§ Dataset records

Content starts

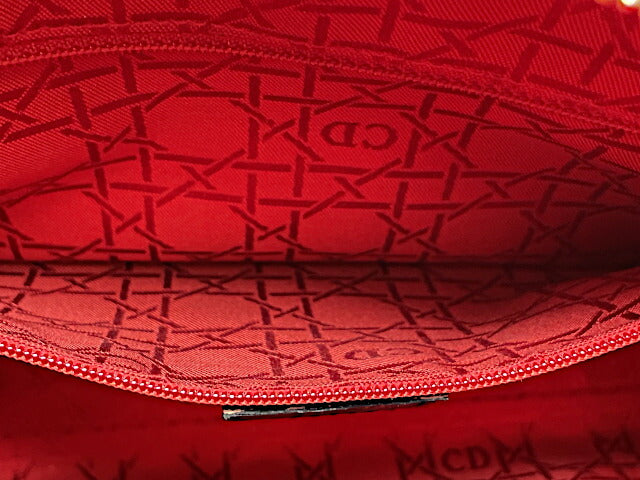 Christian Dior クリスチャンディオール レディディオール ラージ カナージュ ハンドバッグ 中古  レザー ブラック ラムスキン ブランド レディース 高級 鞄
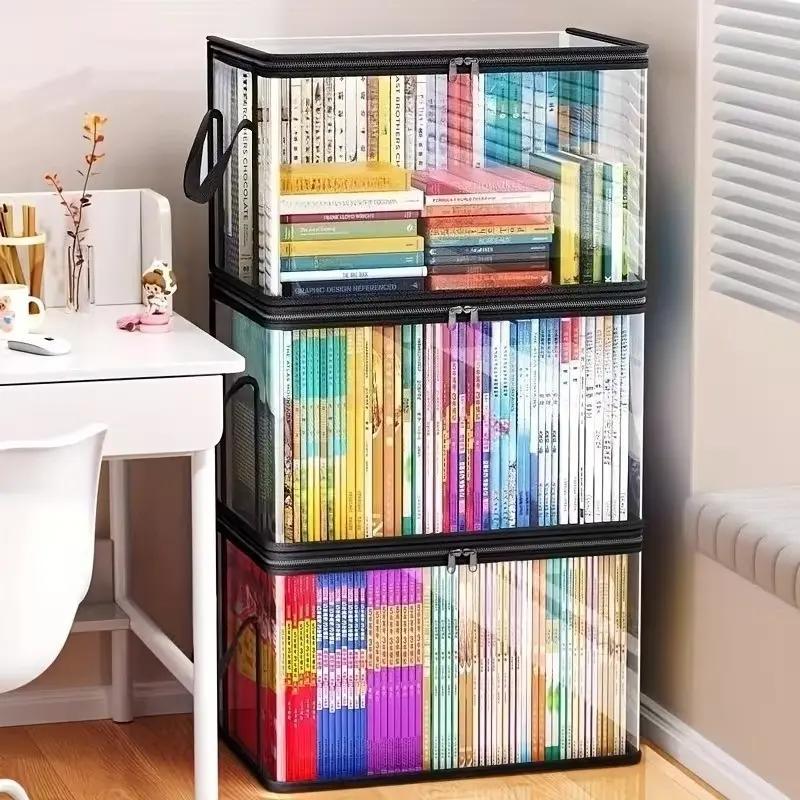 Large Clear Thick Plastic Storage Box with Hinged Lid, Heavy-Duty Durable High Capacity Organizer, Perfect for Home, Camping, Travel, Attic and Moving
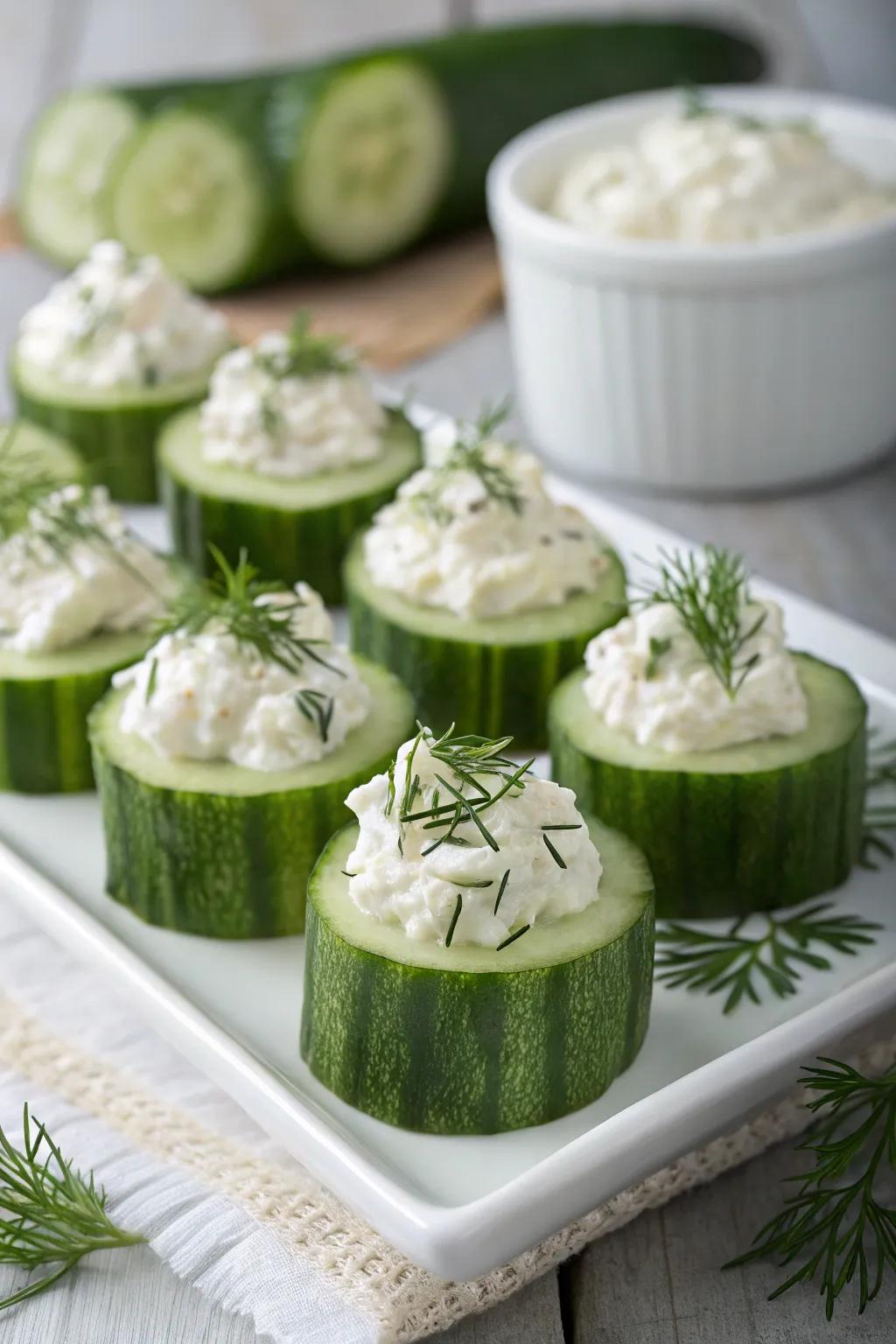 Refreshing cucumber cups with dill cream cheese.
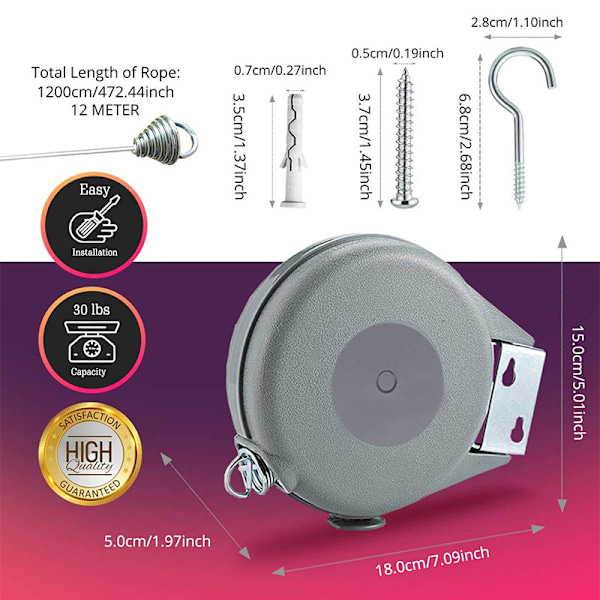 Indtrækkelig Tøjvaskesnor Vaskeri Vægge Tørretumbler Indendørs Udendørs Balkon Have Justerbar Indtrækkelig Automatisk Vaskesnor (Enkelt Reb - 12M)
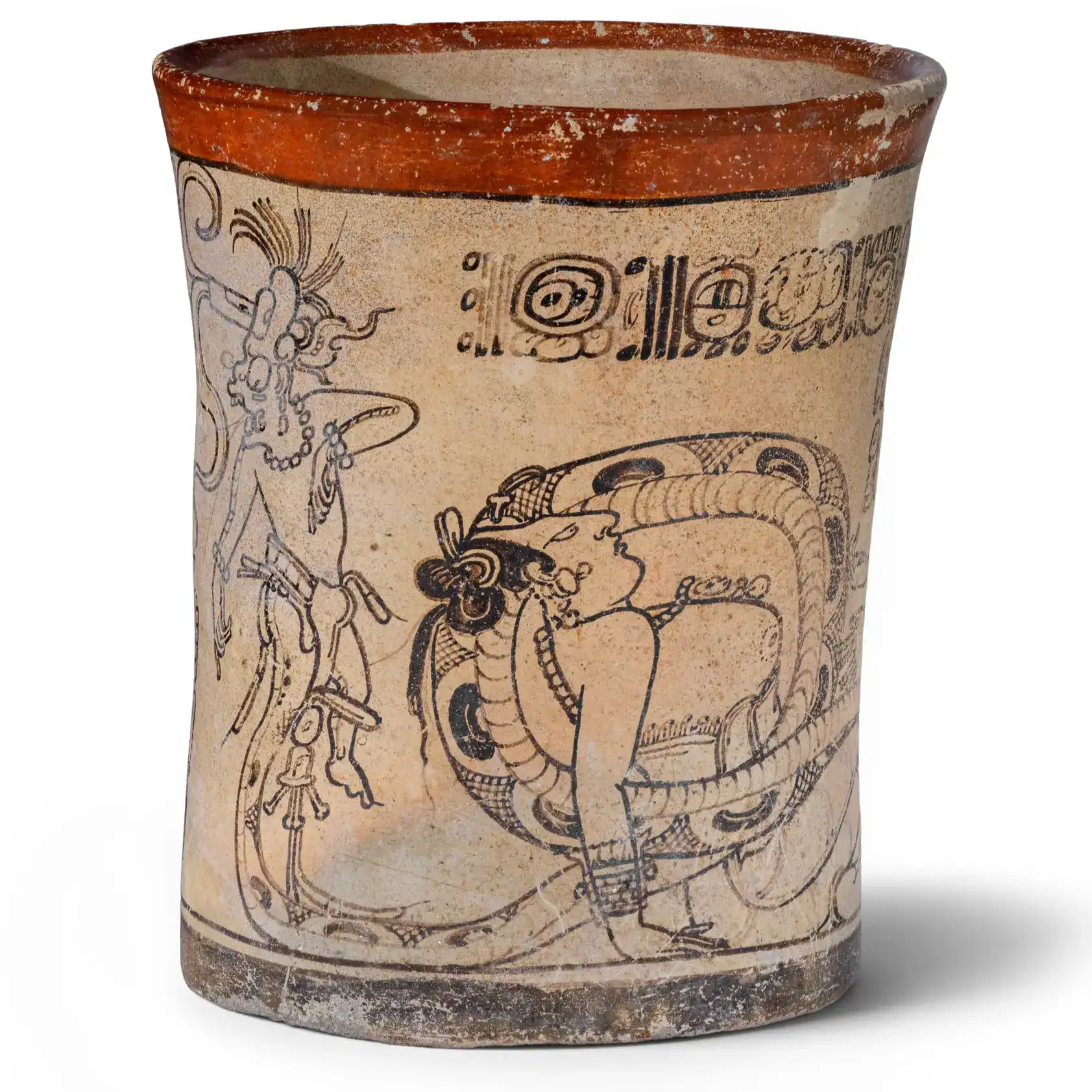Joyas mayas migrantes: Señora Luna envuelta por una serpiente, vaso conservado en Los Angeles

Content ends
Content starts

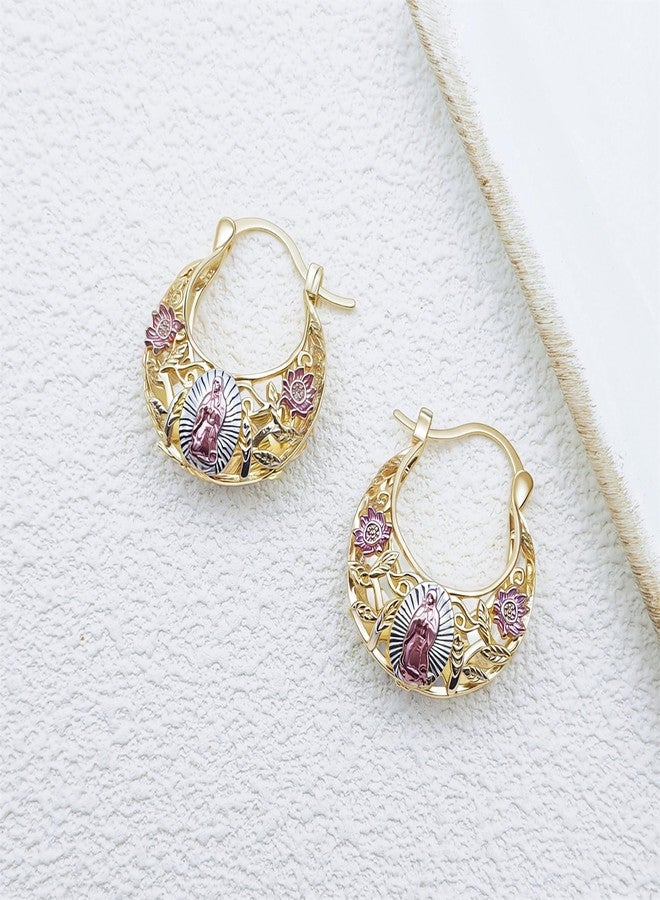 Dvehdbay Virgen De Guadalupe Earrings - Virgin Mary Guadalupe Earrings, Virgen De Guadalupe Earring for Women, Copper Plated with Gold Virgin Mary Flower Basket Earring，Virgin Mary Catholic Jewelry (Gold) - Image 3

Content ends

§ Action item
Output exactly the stretch of the listing that begins at the line containing "Christian Dior クリスチャンディオール" and ends at the line containing "Joyas mayas migrantes: Señora", both kept. Omit pictures and everything else.

§ Answer space
 Christian Dior クリスチャンディオール レディディオール ラージ カナージュ ハンドバッグ 中古  レザー ブラック ラムスキン ブランド レディース 高級 鞄
 Large Clear Thick Plastic Storage Box with Hinged Lid, Heavy-Duty Durable High Capacity Organizer, Perfect for Home, Camping, Travel, Attic and Moving
 Refreshing cucumber cups with dill cream cheese.
 Indtrækkelig Tøjvaskesnor Vaskeri Vægge Tørretumbler Indendørs Udendørs Balkon Have Justerbar Indtrækkelig Automatisk Vaskesnor (Enkelt Reb - 12M)
Joyas mayas migrantes: Señora Luna envuelta por una serpiente, vaso conservado en Los Angeles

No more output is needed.